Вопрос первый: если «права человека» имеют приоритет перед «правами государства», то на кой ляд, спрашивается., потребовалось людям организоваться в государство, т.е. брать на себя какие-то обязательства, а, следовательно, и ущемлять себя в правах? Жили бы себе в «естественном состоянии», при котором человек, по справедливому замечанию Гоббса, «имел право на все». И да здравствует либерализм первобытной орды! Но... если один человек «имеет право на все», то, видимо, и другой человек «имеет право на все». Реализуя свое «право на все», человек ущемляет такое же «право на все» другого человека. Вряд ли тот согласится с этим ущемлением своих прав. И да здравствует закон джунглей, «война всех против всех»! До полного самоуничтожения. Но и это еще не все. В результате столкновения прав каждого человека «на все» само право аннигилирует, превращается в ничто. Вот почему прав был Гоббс, указавший на то, что право как таковое в условиях «естественного состояния» общества невозможно. Правовые отношения наступают только с возникновением государства, т.е. с — увы! — ограничением прав человека. Нельзя же, в самом деле, на рубеже третьего тысячелетия исповедовать доктрину, вся нелепость которой была очевидна Гоббсу еще в XVII веке.
Мне могут возразить: никто ведь не говорит о безграничности прав человека. Речь о другом: о необходимости разграничить «права человека» и «права государства». Но тогда возникает второй вопрос: что отнести к «правам человека», а что к «правам государства»? Относится ли, например, к правам государства право на оборону, в том числе на оборону господ либералов и правозащитников? Думаю, что этого права не станет оспаривать у государства даже самый продвинутый либерал и самый соплеобильный правозащитник. Но для обороны страны, как известно, нужна армия. А защитники «прав человека» давно уже верещат о праве человека на альтернативную службу. Даже альтернативу предложили — работа санитара. Допустим, что такой закон будет принят, и все граждане призывного возраста пожелают воспользоваться своим правом на альтернативную службу. Что мы получим в итоге? Государство лишится армии. Зато получит армию санитаров, и у каждой больничной койки будет стоять отделение (взвод, рота, батальон) санитаров с «утками». Скажете, утрирую? Не утрирую, а вывожу следствия, необходимо вытекающие из кредо либерализма и доктрины «прав человека».
Как это ни парадоксально звучит для либерального уха, отделить «права человека» от «прав государства» (точнее, институтов государства) невозможно никакими физическими и химическими процедурами. Строго говоря, институты государства никакими правами вообще не обладают. Ибо, формируя эти институты, граждане не передают им свои права, они наделяют их полномочиями. А это значит, что возложенные на них функции властные структуры могут выполнять только на основе прав граждан или, что одно и то же, за счет ущемления их прав, поскольку права есть лишь оборотная сторона обязанностей.
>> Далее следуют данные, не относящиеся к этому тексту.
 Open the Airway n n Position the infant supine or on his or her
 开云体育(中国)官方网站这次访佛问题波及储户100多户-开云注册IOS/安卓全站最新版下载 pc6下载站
Чтобы пояснить это, возьмем уже приведенный пример с правом на оборону. Итак, одной из функций государства является защита от внешней агрессии. Но ни один парламент, ни одно правительство как институты государства ни одного солдата, насколько мне известно, еще не родили. Как же они могут выполнить эту возложенную на них функцию — защитить общество от агрессии? Видимо, только рекрутируя солдат из числа граждан, т.е. ущемляя их священное право на альтернативную службу. Зная способность нашей «политической элиты» обходить неудобные вопросы с совершенно неожиданной стороны, следует ожидать такой ответ: можно-де сформировать «профессиональную» армию. Но «профессиональную», т. е. наемную (обойдемся без эвфемизмов) армию надо содержать и, стало быть, придется нарушить другое не менее священное «право человека» — право собственности. Я уж не говорю о том, что такое решение вполне в духе «соломонов»: вы проливайте кровь, а мы вам заплатим. Пора, наконец, понять: правовые отношения возникают только в политической организации. А это значит, что свои права человек реализует и защищает не через «комитеты», «хартии» и прочих байстрюков политического процесса, а через демократически отлаженные механизмы государства.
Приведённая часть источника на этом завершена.